EXERCISE OBJECTIVE
Your copy should repeat the data that follows exactly and contain no image.

RAW DATA
== Segment start ==

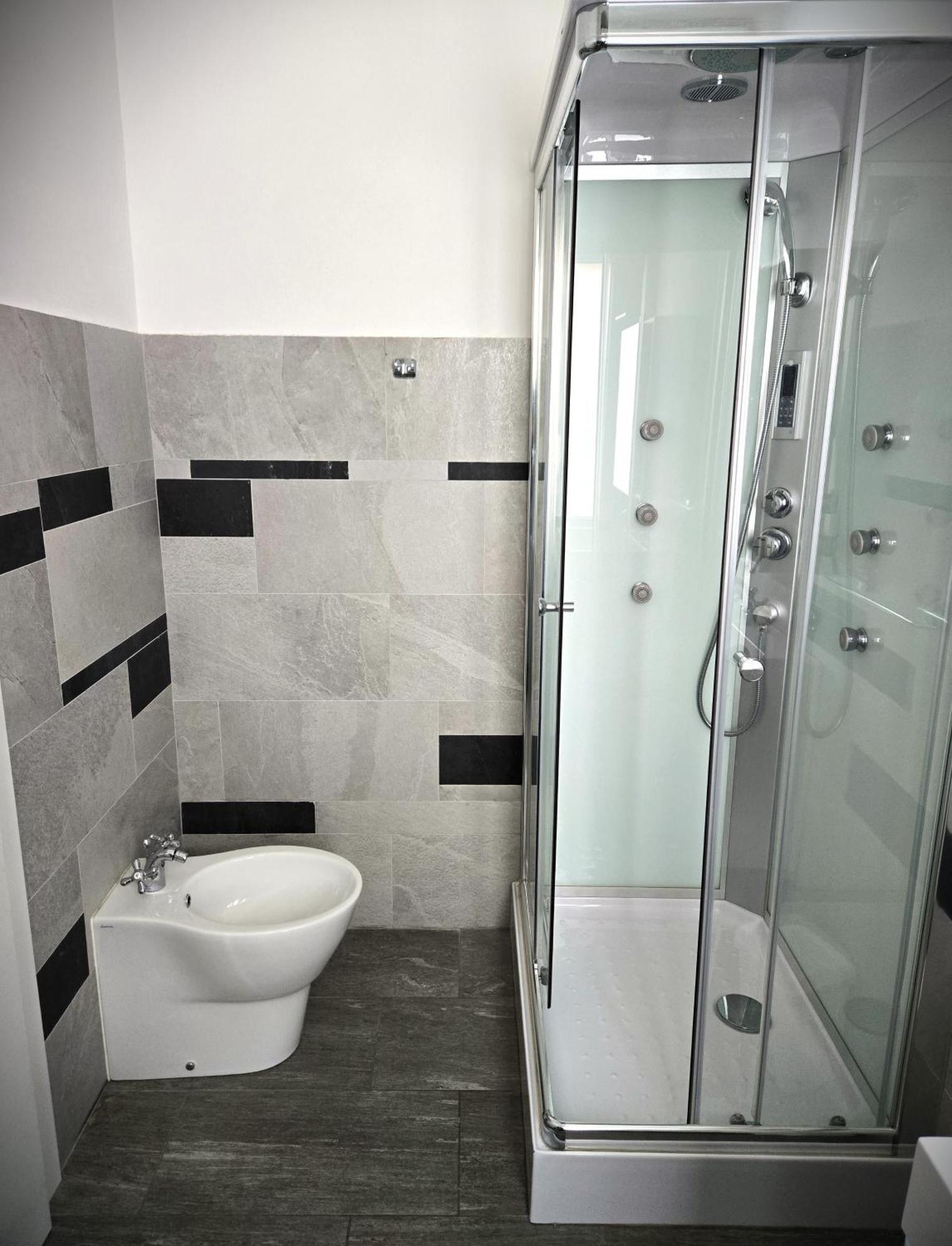7 Lakes Aparthotel Burolo 외부 사진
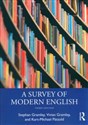 A Survey of Modern English  - Polish Bookstore USA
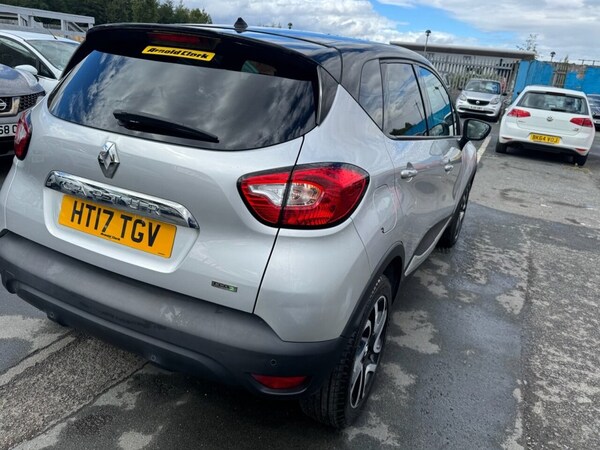 Used Renault Captur 2017 for sale - 75181449: Photo 13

== Segment end ==

WRITTEN SOLUTION
7 Lakes Aparthotel Burolo 외부 사진
 A Survey of Modern English  - Polish Bookstore USA
 Used Renault Captur 2017 for sale - 75181449: Photo 13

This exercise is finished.